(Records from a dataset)
-- Opening Marker --

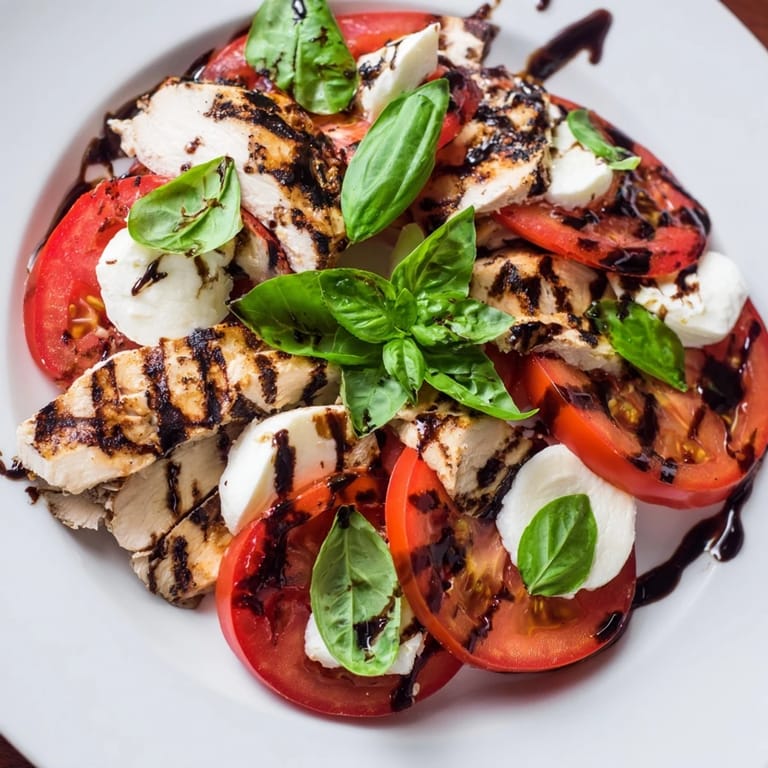 Vibrant chicken caprese salad featuring sliced chicken, vibrant greens, and a tangy balsamic drizzle on a white serving plate.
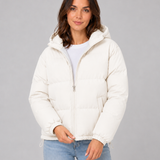 Chaqueta acolchada con capucha para mujer, con cierre frontal y bolsillos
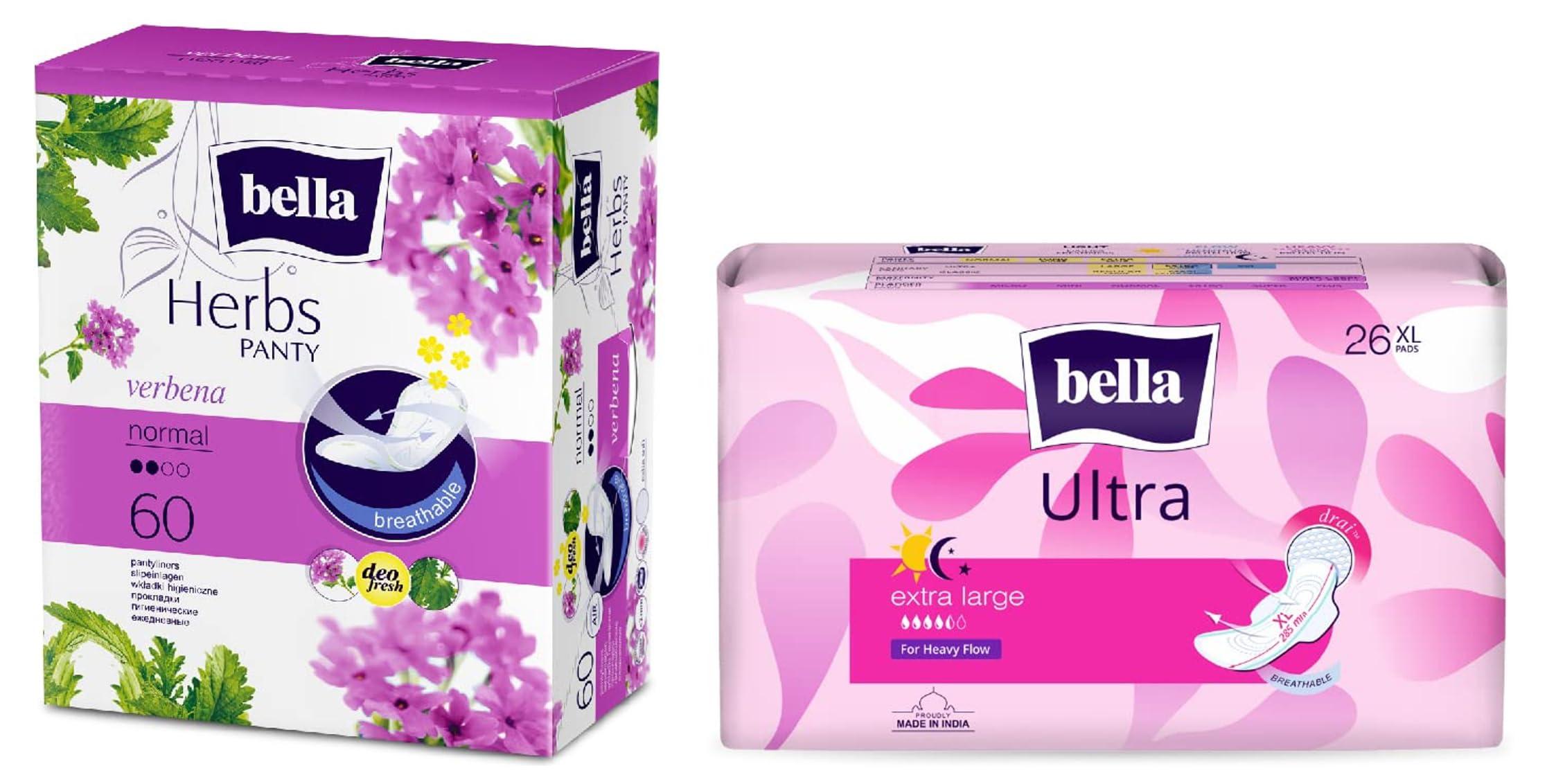 Bella Bella Ultra Drai Sanitary Napkins Extra Large 26 Pcs & Herbs Panty Liners, (Verbena Medium)(Pack Of 60)
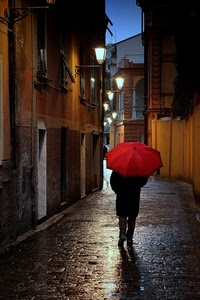 ombrello, rosso, vicolo, pioggia, lampioni, strada, persona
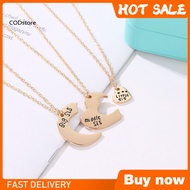 KDCOD* 3Pcs/Set Sister Necklace Set Heart Shape Family Contrast Color Siblings Three Sisters Lady Ne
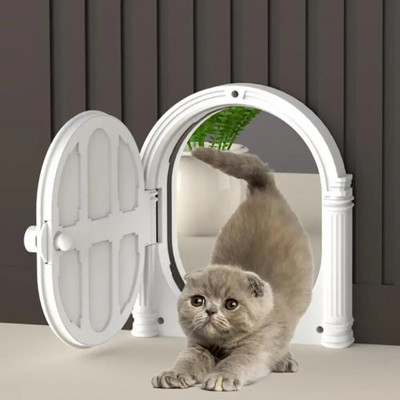 Interior Cat Door Large No-Flap Pet Privacy Door 7.08 x 9.44 Inches For Cats Up To 20 Lbs No Training Needed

-- Closing Marker --

Task to complete: None of the pictures should be carried over when the data above is transcribed exactly.

Output for this task:
 Vibrant chicken caprese salad featuring sliced chicken, vibrant greens, and a tangy balsamic drizzle on a white serving plate.
 Chaqueta acolchada con capucha para mujer, con cierre frontal y bolsillos
 Bella Bella Ultra Drai Sanitary Napkins Extra Large 26 Pcs & Herbs Panty Liners, (Verbena Medium)(Pack Of 60)
 ombrello, rosso, vicolo, pioggia, lampioni, strada, persona
 KDCOD* 3Pcs/Set Sister Necklace Set Heart Shape Family Contrast Color Siblings Three Sisters Lady Ne
 Interior Cat Door Large No-Flap Pet Privacy Door 7.08 x 9.44 Inches For Cats Up To 20 Lbs No Training Needed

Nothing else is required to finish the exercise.